Boom di iscritti per il corso di aiuto cuoco per disabili

Una trentina di domande per undici posti disponibili. E’ boom di iscrizioni al corso gratuito di formazione (appena partito) per aiuto cuoco riservato a persone disabili

Una trentina di domande per undici posti disponibili. E’ boom di iscrizioni al corso gratuito di formazione (appena partito) per aiuto cuoco riservato a persone disabili iscritte ai centri per l’impiego della provincia di Ravenna. Progettato e realizzato dal Cefal, ente di formazione del Movimento cristiano-lavoratori-Mcl,  nella sede a Villa San Martino di Lugo (via Provinciale Bagnara, 30; tel. 0545 24330; mail: segreteriavillasanmartino@cefal.it), il percorso professionalizzante è finanziato da Regione Emilia-Romagna e Provincia di Ravenna.

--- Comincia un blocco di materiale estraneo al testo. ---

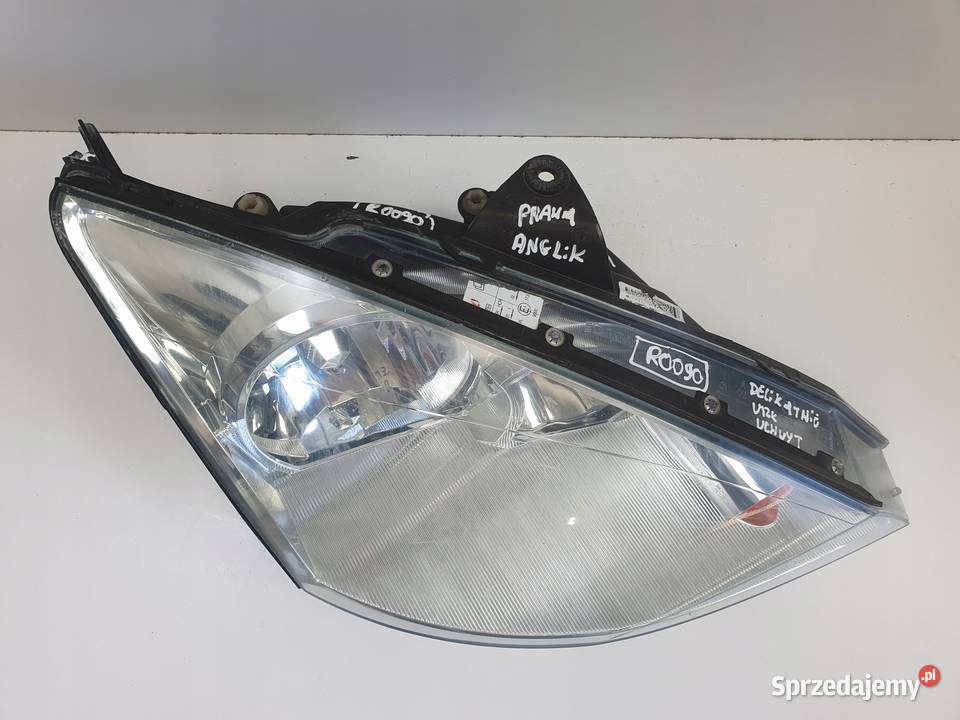 LAMPA PRAWA Ford Focus mk1 lift 0104r PRZEDNIA Rudka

«Abbiamo intercettato, ma anche dato risposta concreta ad una specifica domanda di formazione proveniente dal nostro territorio», spiega il direttore del Cefal, Flavio Venturi. Riservato a persone con diverse abilità in età lavorativa che aspirano a mettersi ai fornelli ben preparati, le 350 ore (210 teorico-pratiche e 140 di stage) tra libri e padelle coprono tutti gli step che portano a indossare l’agognato cappello: dallo studio dei principi nutrivi degli alimenti alle norme sulla sicurezza nei luoghi del lavoro. Per non parlare dell’arte di imparare a friggere-bollire o grigliare.  Passaggi compiuti tenendo ben presente le attitudini degli alunni.

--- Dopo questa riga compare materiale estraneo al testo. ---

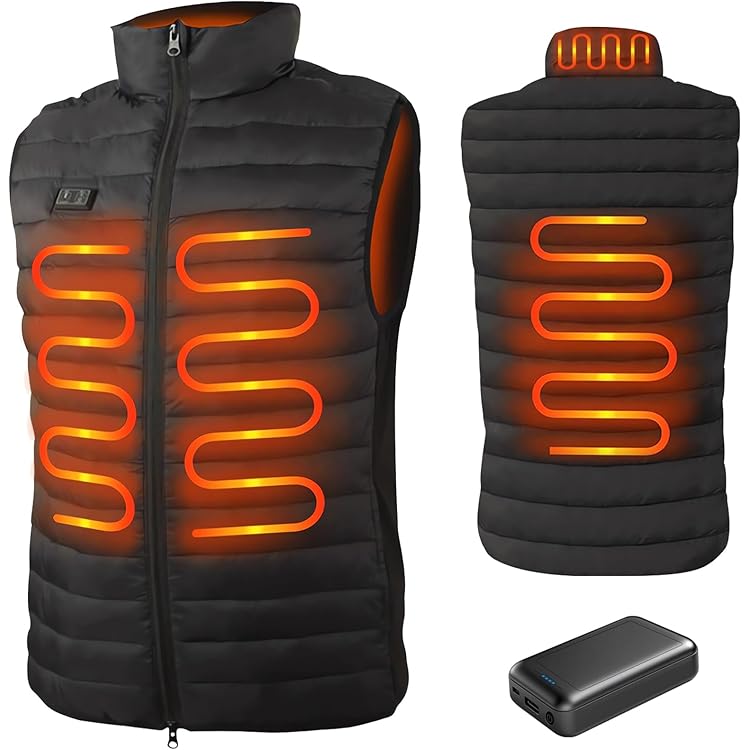 Winter Wamer Verwarmd Vest Heren Dames USB Elektrisch jack voor Moto Wandelen Jagen kopen vanaf een prijs van 26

Insomma gli undici aspiranti aiuto-cuochi, imparando a mettere le mani in pasta, entrano dalla porta principale di un settore che, soprattutto nel ravennate, non conosce particolari battute di arresto. Anzi. Come dimostrano alcune edizioni precedenti dello stesso corso che hanno avuto fino a undici contratti di lavoro su quindici partecipanti. Segno quindi che quanto prevede la legge 68/99 in termini di «promozione dell'inserimento e della integrazione lavorativa delle persone disabili nel mondo del lavoro attraverso servizi di sostegno e di collocamento mirato» può diventare una realtà.

Un traguardo che dimostra come l’idea alla base del modus operandi del Cefal sia più che mai valida. Più di trent’anni fa, l’ente di formazione intuì che il lavoro non ha solo una dimensione produttiva, ma anche (e soprattutto)  sociale. «In questo modo – prosegue Venturi -, noi ‘usiamo’ il fare come strumento per essere. Ovvero come un inserimento sociale graduale delle persone svantaggiate o in difficoltà che altrimenti, in seno alle nostre comunità, non avrebbe una loro identità sociale».  E quindi vivrebbero ai margini.

E se, da un lato, l’equazione lavoro-dignità della persona viene risolta dal Cefal con corsi tagliati sui talenti del singolo, dall’altro non si perdono di vista le esigenze del mercato. Poiché, osserva Venturi, «i nostri corsi sono pensati in collaborazione con le imprese del territorio. E questo è il modo migliore non solo per dare risposte concrete a chi è in cerca occupazione e a chi la offre, ma anche per fare incontrare domande e offerta all’interno del nostro centro di formazione».